The interactive function, which can be specified using the :interactive-function keyword to restart-bind or :interactive keyword to restart-case, is used when the restart is invoked interactively, such as from the debugger, to produce a suitable list of arguments.

invoke-restart invokes the most recently established restart whose name is the same as the first argument to invoke-restart. If a restart is invoked interactively by the debugger and does not transfer control but rather returns values, the precise action of the debugger on those values is implementation-defined.

9.1.4.2.2 Interfaces to Restarts

Some restarts have functional interfaces, such as abort, continue, muffle-warning, store-value, and use-value. They are ordinary functions that use find-restart and invoke-restart internally, that have the same name as the restarts they manipulate, and that are provided simply for notational convenience.

The next figure shows defined names relating to restarts.

abort invoke-restart-interactively store-value
compute-restarts muffle-warning use-value
continue restart-bind with-simple-restart
find-restart restart-case
invoke-restart restart-name

Figure 9.6: Defined names relating to restarts.

9.1.4.2.3 Restart Tests

Each restart has an associated test, which is a function of one argument (a condition or nil) which returns true if the restart should be visible in the current situation.
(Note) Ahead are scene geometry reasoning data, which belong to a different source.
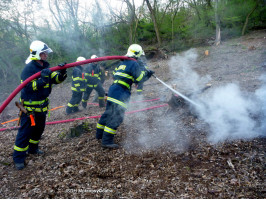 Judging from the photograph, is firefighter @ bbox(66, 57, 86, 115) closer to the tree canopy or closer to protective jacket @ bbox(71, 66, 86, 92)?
Result: protective jacket @ bbox(71, 66, 86, 92)

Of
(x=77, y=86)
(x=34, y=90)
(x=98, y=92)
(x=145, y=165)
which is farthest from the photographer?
(x=98, y=92)

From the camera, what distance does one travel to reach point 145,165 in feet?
11.6

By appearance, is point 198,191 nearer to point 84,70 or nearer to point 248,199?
point 248,199

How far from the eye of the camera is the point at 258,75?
300 inches

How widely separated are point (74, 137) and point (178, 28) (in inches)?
581

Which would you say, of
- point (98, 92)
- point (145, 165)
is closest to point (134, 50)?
point (145, 165)

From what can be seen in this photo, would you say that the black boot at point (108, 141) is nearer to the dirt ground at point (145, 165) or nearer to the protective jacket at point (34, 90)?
the dirt ground at point (145, 165)

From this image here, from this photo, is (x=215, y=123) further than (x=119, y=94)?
Yes

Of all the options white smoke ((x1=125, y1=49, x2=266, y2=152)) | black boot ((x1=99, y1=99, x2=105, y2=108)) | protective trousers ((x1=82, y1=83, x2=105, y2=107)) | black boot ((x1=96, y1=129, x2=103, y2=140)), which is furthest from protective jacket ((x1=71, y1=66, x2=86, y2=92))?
black boot ((x1=96, y1=129, x2=103, y2=140))

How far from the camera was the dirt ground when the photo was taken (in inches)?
114

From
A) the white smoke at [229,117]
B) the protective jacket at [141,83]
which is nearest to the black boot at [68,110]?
the protective jacket at [141,83]

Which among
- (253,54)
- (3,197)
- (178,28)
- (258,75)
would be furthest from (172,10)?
(3,197)

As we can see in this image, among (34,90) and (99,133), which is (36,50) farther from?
(99,133)

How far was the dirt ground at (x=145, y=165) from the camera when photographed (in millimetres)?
2893
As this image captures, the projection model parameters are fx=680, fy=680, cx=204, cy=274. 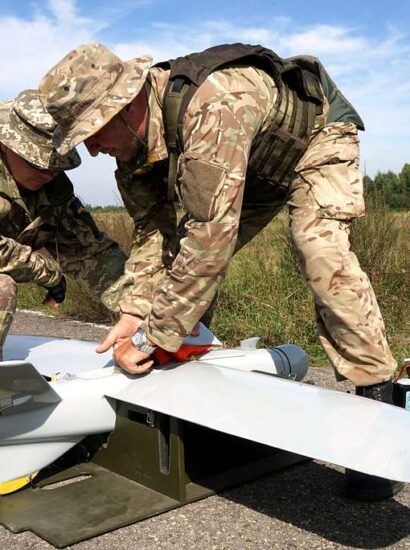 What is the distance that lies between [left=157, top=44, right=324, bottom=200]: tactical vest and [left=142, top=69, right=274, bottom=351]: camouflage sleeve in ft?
0.26

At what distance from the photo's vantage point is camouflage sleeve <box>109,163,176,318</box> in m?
3.59

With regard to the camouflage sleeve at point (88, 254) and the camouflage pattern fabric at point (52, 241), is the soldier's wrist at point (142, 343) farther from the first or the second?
the camouflage sleeve at point (88, 254)

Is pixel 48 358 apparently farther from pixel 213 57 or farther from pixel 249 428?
pixel 213 57

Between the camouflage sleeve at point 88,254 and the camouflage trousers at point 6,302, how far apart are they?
71 centimetres

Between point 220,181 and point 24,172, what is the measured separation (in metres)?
1.63

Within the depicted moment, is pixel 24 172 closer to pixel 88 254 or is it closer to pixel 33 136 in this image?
pixel 33 136

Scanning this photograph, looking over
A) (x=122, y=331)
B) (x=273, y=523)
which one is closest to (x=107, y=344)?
(x=122, y=331)

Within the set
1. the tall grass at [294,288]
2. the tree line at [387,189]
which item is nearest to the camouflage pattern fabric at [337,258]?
the tall grass at [294,288]

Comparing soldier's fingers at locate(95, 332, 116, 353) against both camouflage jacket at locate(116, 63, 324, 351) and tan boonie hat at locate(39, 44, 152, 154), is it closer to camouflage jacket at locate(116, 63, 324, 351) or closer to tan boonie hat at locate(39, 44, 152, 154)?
camouflage jacket at locate(116, 63, 324, 351)

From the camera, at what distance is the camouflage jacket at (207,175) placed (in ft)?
8.70

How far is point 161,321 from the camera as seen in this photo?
283 centimetres

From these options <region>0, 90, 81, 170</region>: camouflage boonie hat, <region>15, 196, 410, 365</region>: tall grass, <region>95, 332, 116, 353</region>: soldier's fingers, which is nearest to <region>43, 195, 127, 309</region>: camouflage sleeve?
<region>0, 90, 81, 170</region>: camouflage boonie hat

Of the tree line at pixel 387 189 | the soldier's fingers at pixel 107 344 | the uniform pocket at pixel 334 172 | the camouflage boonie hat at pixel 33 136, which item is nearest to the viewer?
the uniform pocket at pixel 334 172

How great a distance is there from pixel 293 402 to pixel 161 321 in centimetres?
63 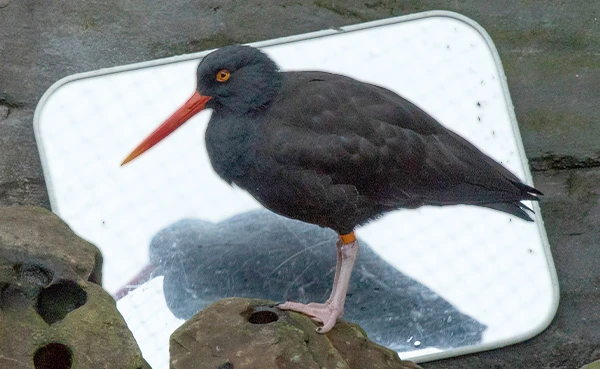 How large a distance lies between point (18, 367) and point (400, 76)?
231 cm

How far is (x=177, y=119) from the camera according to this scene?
3225mm

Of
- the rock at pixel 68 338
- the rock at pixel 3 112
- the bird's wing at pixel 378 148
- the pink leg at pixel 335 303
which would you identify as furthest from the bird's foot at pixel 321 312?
the rock at pixel 3 112

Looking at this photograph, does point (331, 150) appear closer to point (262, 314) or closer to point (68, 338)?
point (262, 314)

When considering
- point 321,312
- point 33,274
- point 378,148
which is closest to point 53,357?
point 33,274

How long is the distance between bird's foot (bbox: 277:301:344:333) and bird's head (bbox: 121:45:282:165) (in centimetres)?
66

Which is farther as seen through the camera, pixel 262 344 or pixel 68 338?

This test is created by the :test-function option to restart-bind or the :test option to restart-case.

9.1.4.2.4 Associating a Restart with a Condition

A restart can be “associated with” a condition explicitly by with-condition-restarts, or implicitly by restart-case. Such an assocation has dynamic extent.

A single restart may be associated with several conditions at the same time. A single condition may have several associated restarts at the same time.

Active restarts associated with a particular condition can be detected by calling a function such as find-restart, supplying that condition as the condition argument. Active restarts can also be detected without regard to any associated condition by calling such a function without a condition argument, or by supplying a value of nil for such an argument.